Im Innenraum setzen ein neu gestaltetes Kombiinstrument mit einem 6,5 Zoll großen Display und neue Sitzbezüge frische Akzente. Zum ersten Mal sind – gegen Aufpreis – LED-Scheinwerfer vorne, Heckleuchten mit LED-Brems- und Schlusslicht (inklusive Nebelschlussleuchte) erhältlich. Damit einhergehend wurde auch die Palette an Assistenzsystemen erweitert, beispielsweise mit einem Fernlicht-, Spurwechsel- und Ausparkassistent. Zum Modelljahr 2019 ist die Serienausstattung darüber hinaus noch erweitert worden: So gibt es nun einen USB-Anschluss und einen SD-Speicherkartenslot, außerdem Tagfahrlicht sowie elektrisch verstell- und beheizbare Außenspiegel.

Der Fabia basiert auf der gleichen Plattform wie der VW Polo und der Seat Ibiza – und ist mit Motoren aus dem VW-Regal bestückt, die alle der neuen Abgasnorm Euro 6d-Temp entsprechen. Allerdings sind keine Dieselaggregate mehr im Portfolio des Fabia. Skoda setzt nur noch auf 1,0-Liter-Dreizylinder-Benziner (MPI mit 75 PS, TSI mit 95 und 110 PS). Das hat nichts mit der derzeitigen Dieselproblematik zu tun, sondern mit den geringen Zahlen der bisherigen Verkäufe von Selbstzündern beim Fabia, die kaum über fünf Prozent hinaus kamen. Demnächst schieben die Tschechen auch die eigentliche Basismotorisierung nach, einen weiteren 1,0-Liter-Benziner, der 60 PS leistet und mit einem manuellen 5-Ganggetriebe kombiniert wird. Dadurch sinkt auch der Einstiegspreis des Fabia auf 13 090 Euro (zuvor 13 790 Euro, 75 PS). Verfügbar sind jeweils die Ausstattungslinien Active, Ambition und Style sowie die Sondermodelle Cool Plus und Soleil, die laut Skoda bis zu 3525 Euro Preisvorteil bieten.

Der „normale“ Fabia, also die Schrägheckversion, hat einen der größten Gepäckräume im Kleinwagensegment – allerdings ist der Ladeboden nach Umlegen der im Verhältnis 60:40 klappbaren Rückbank nicht eben. Das Volumen von 330 Litern lässt sich auf bis zu 1150 Liter erweitern, was für einen Kleinwagen ein beachtlicher Wert ist.

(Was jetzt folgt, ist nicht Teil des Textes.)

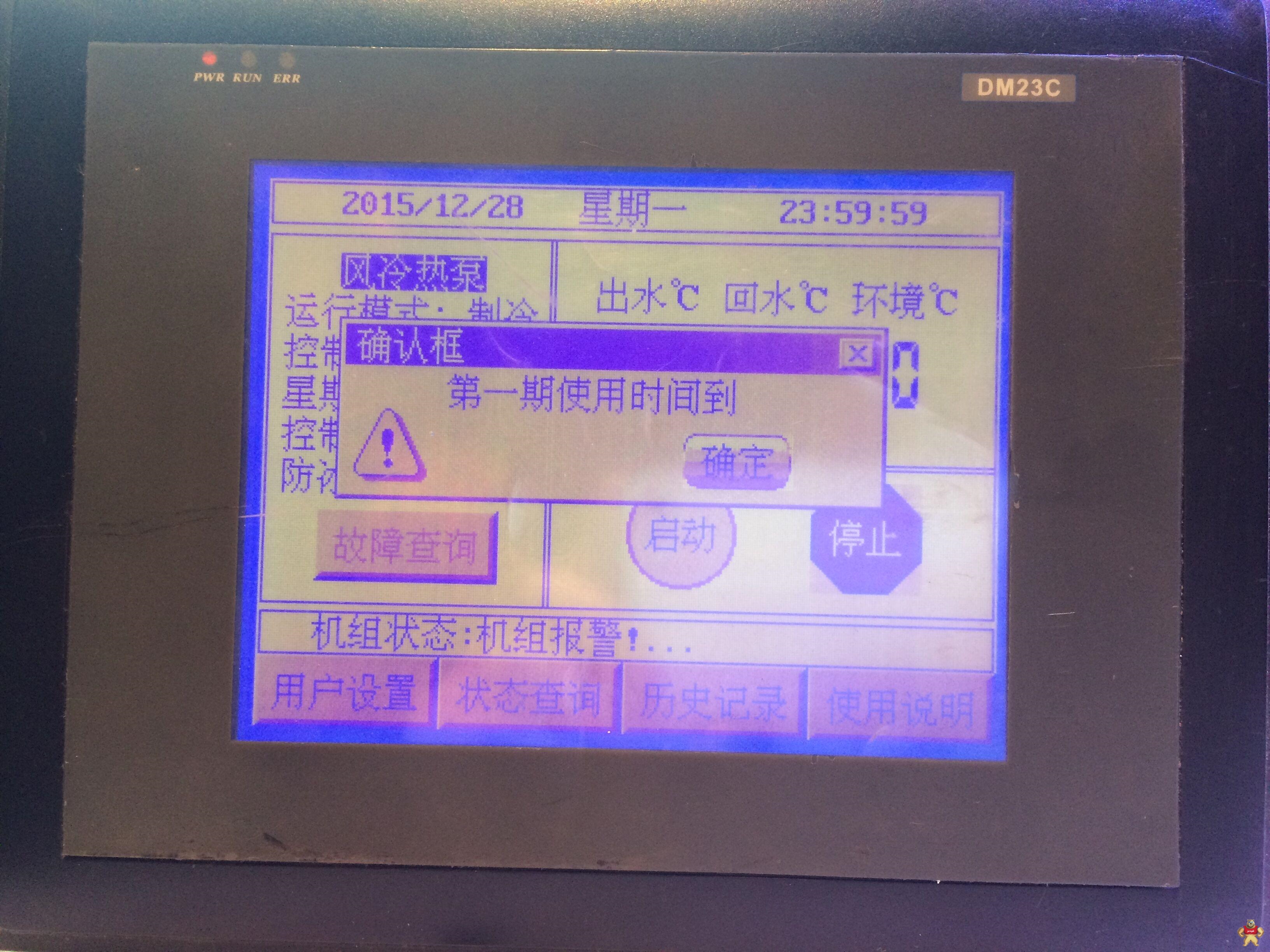 中央空调DM23C控制器屏幕显示“***期使用时间到”无法开机故障维修 水冷冷水,风冷冷水,风冷热泵,水源热泵,地源热泵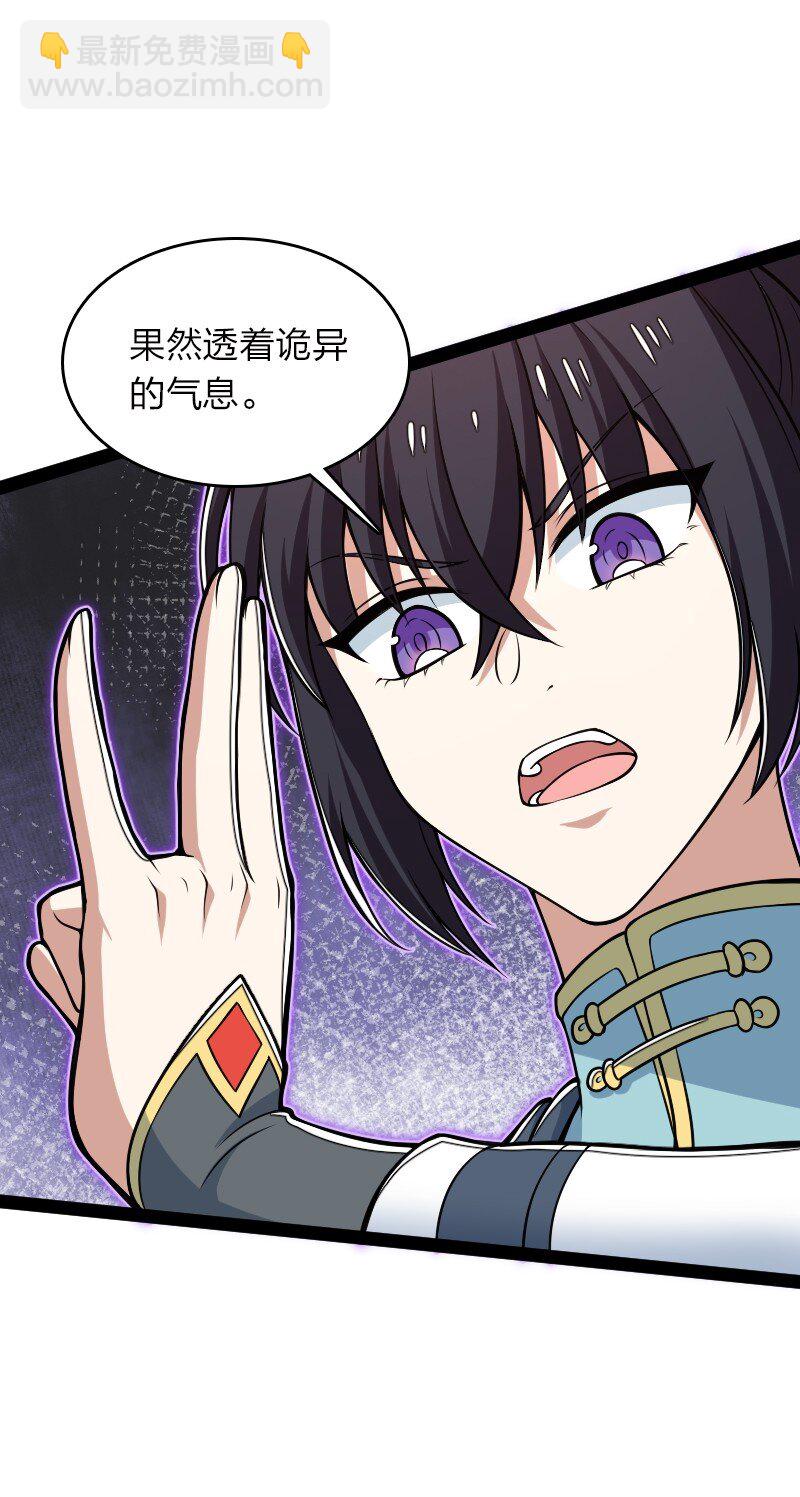 🍘武帝隐居之后的生活 304 黑潮来袭 第37页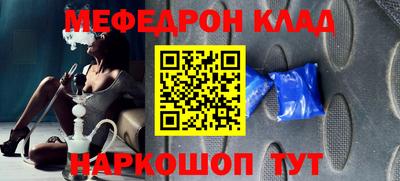 СК Анжеро-Судженск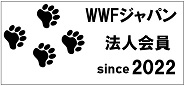 WWFジャパンについて詳細はこちら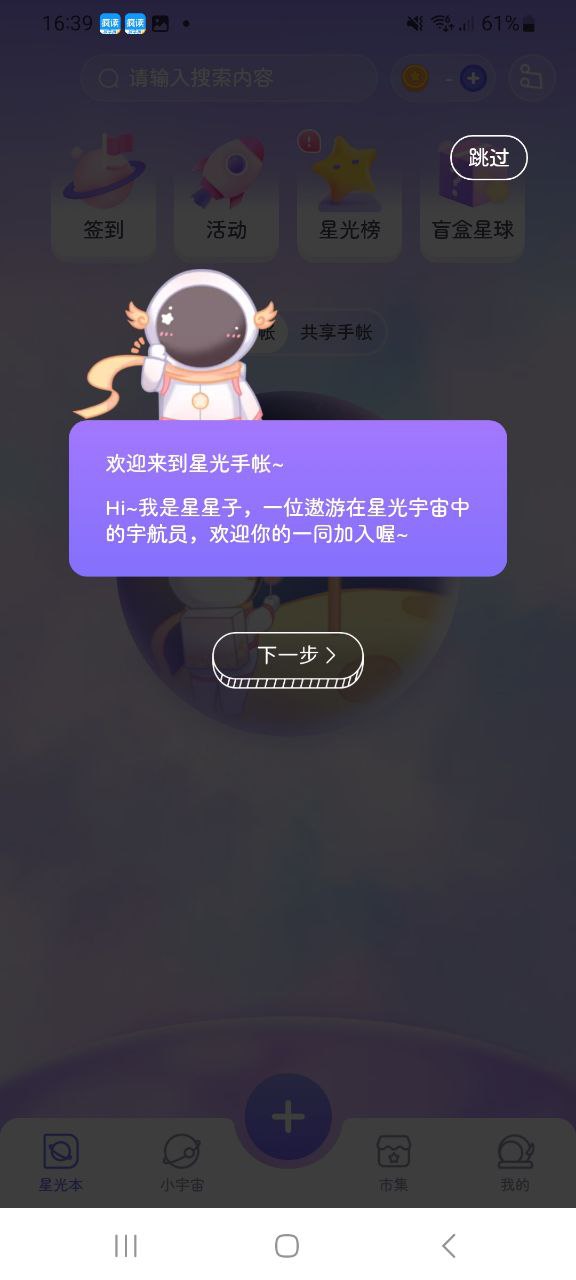星光手帐安卓版
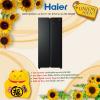 HAIER HRF-SBS490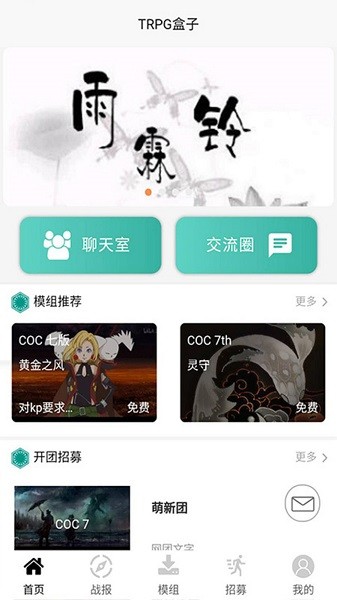 TRPG盒子免費下載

Noch mehr Platz bietet die 4,26 Meter lange Kombiversion des Fabia (700 Euro Aufpreis gegenüber der Schrägheckversion), die mit dem größten Kofferraum im Kleinwagen-Kombisegment aufwartet, nämlich einem Ladevolumen von 530 bis maximal 1395 Liter. Da passt jede Menge rein.

Produziert wird der Fabia im Skoda-Werk Mladá Boleslav, aber auch in Russland und in China. Unterdessen hat Skoda seine Wechselprämie bis 30. April 2019 auf ganz Deutschland ausgeweitet. Zuvor galt diese nur für 15 Städte und deren Großraum. Wer von einem alten Dieselfahrzeug auf einen Skoda mit modernem Antrieb nach Euronorm 6 wechselt, erhält laut Skoda eine Umweltprämie von bis zu 7500 Euro.